- Problem requirements: Once the line holding "Used 2017 Honda Accord LX image 13" is found in the entries below, transcribe exactly every line up to and including the one holding "Used 2023 GMC", but leave out the pictures.

- Data excerpts:
---------------

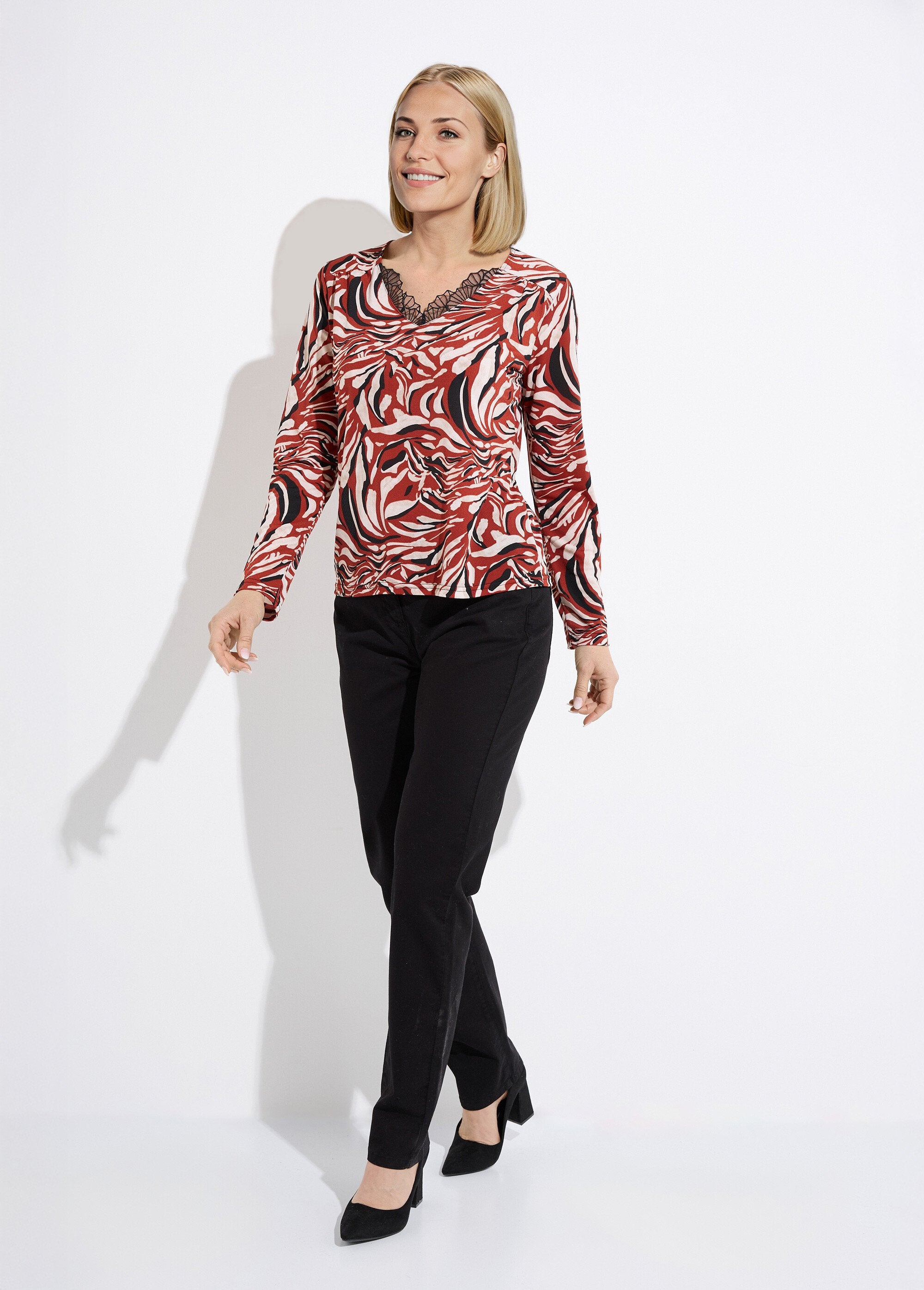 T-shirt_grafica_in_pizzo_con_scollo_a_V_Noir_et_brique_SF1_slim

---------------

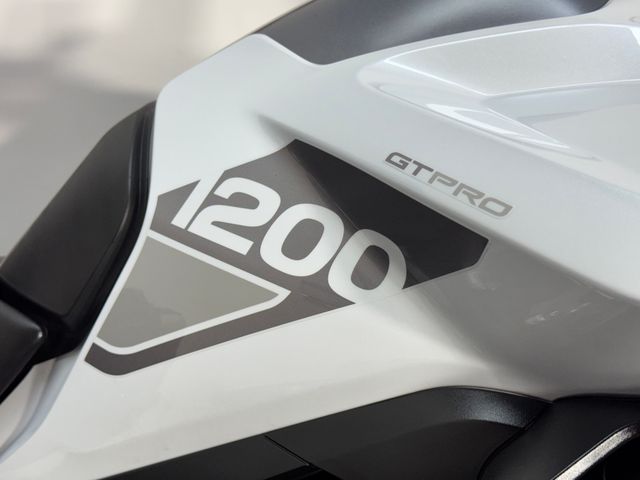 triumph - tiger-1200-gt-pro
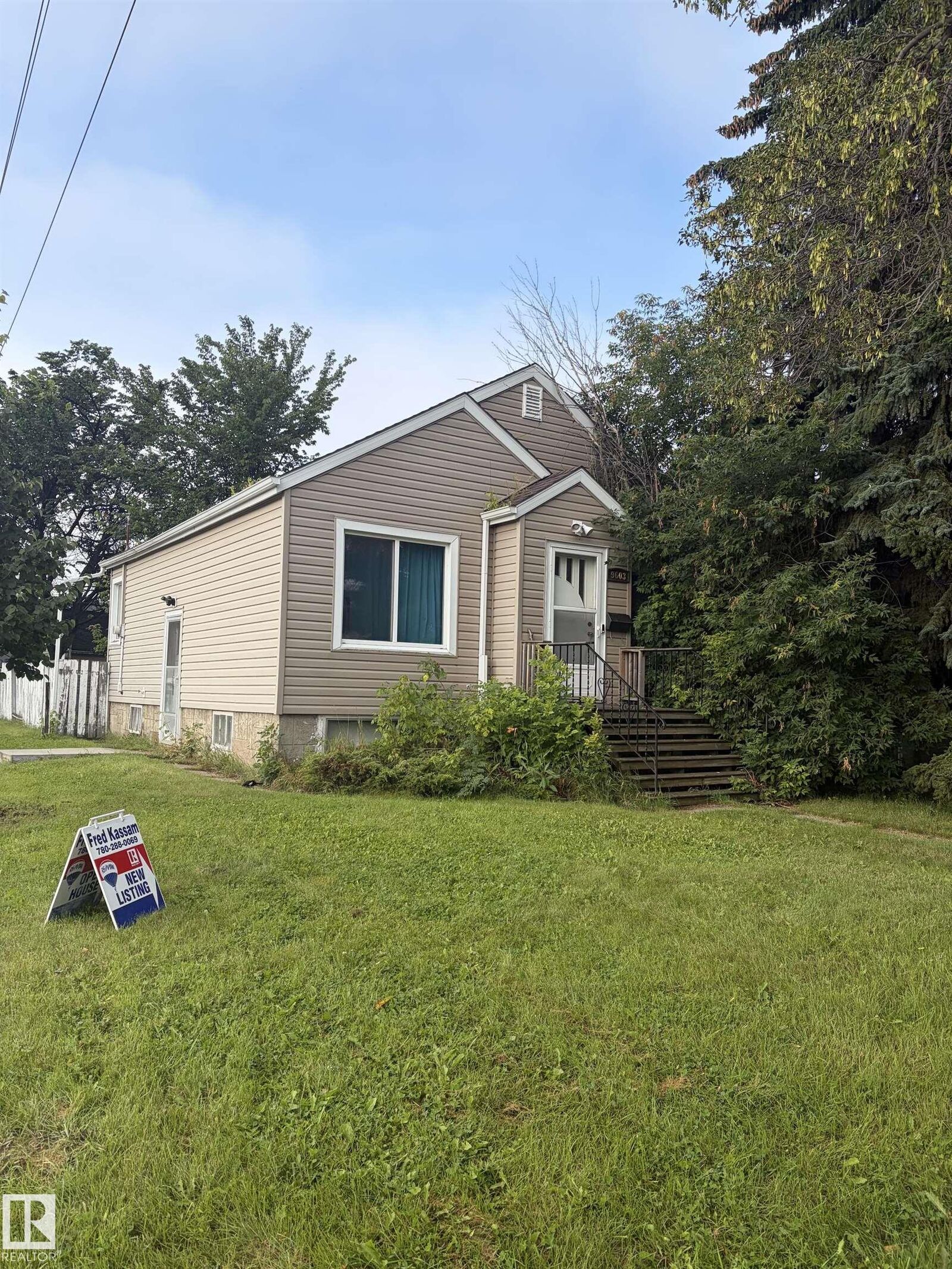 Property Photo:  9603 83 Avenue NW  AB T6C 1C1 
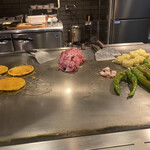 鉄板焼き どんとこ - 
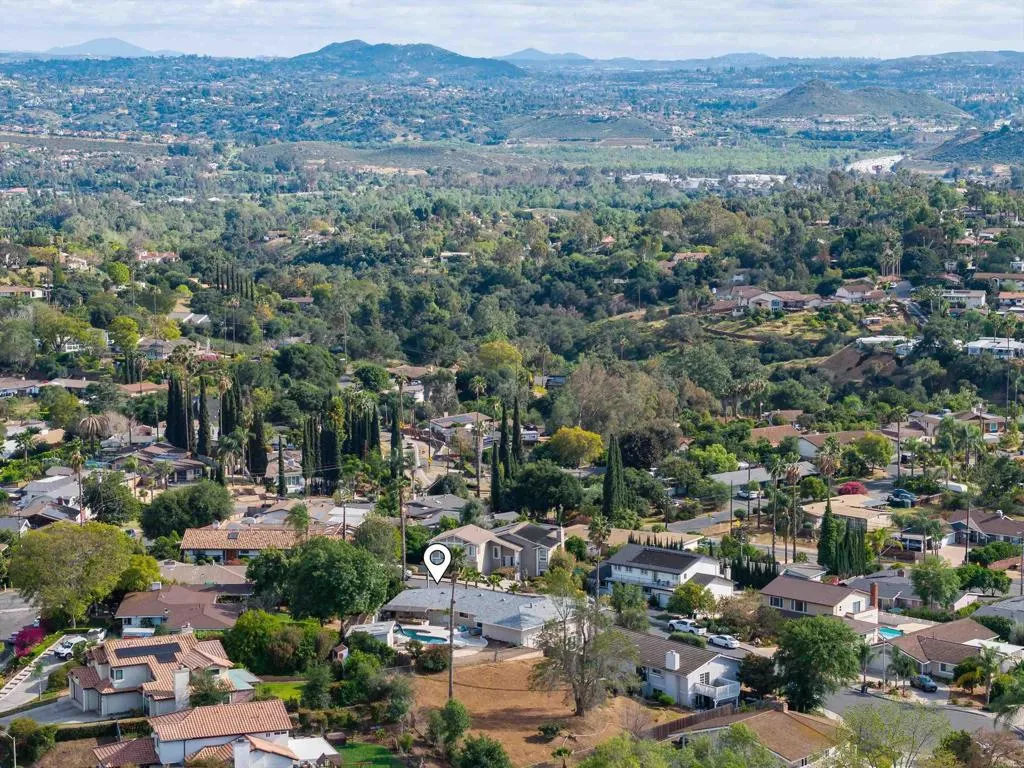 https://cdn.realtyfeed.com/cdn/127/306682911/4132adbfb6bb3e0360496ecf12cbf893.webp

---------------

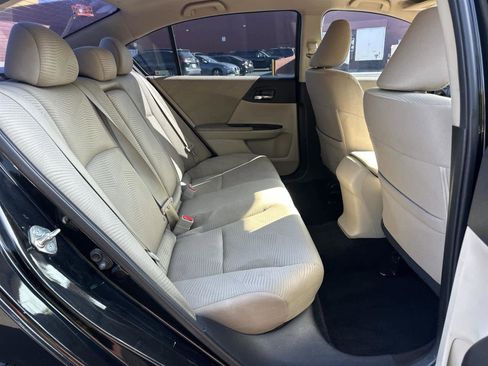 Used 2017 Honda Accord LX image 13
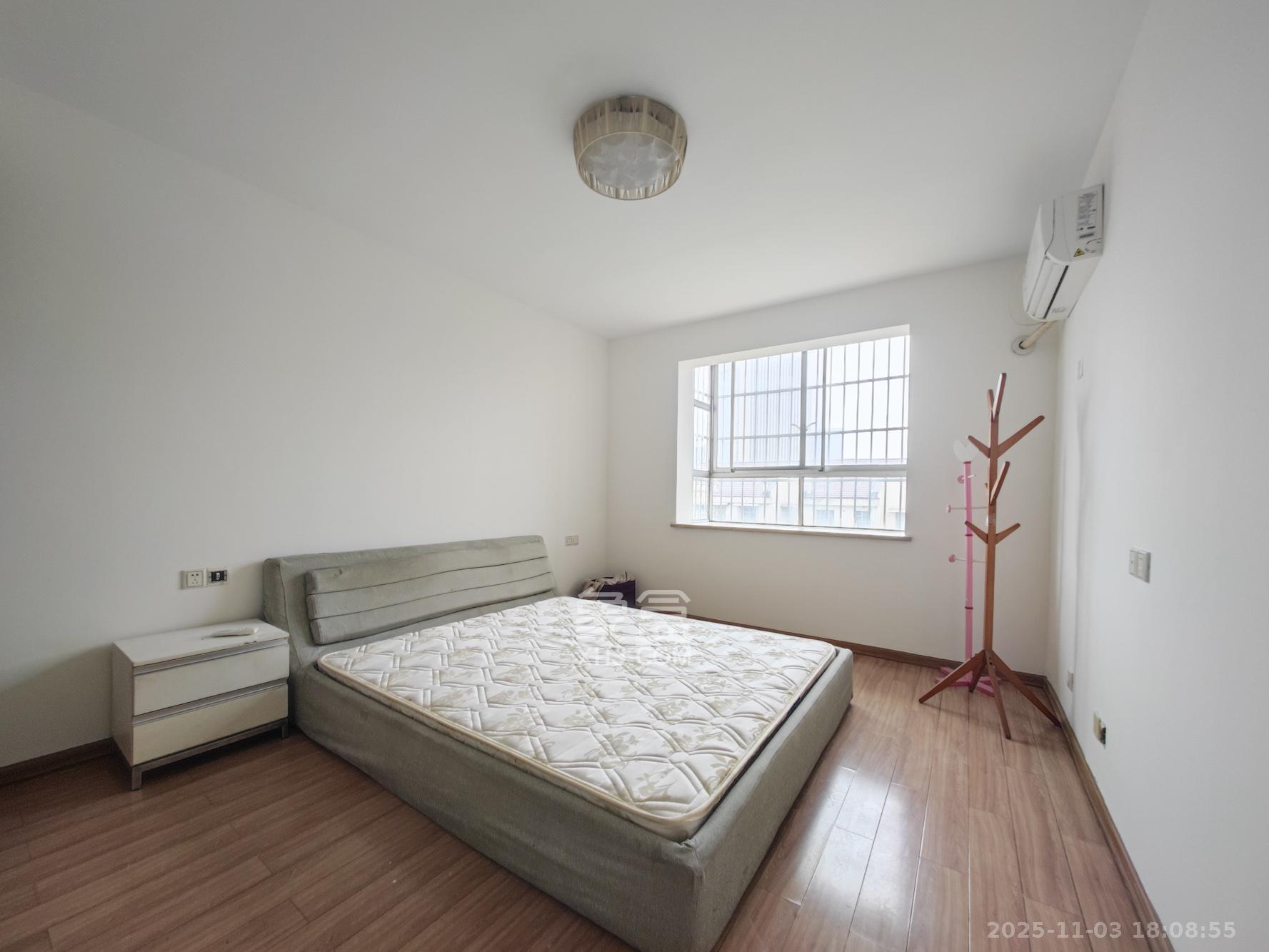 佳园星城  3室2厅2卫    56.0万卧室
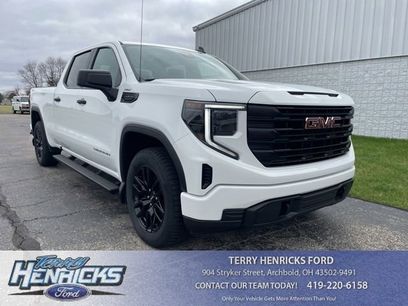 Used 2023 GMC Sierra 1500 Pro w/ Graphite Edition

---------------

- Task output:
 Used 2017 Honda Accord LX image 13
 佳园星城  3室2厅2卫    56.0万卧室
 Used 2023 GMC Sierra 1500 Pro w/ Graphite Edition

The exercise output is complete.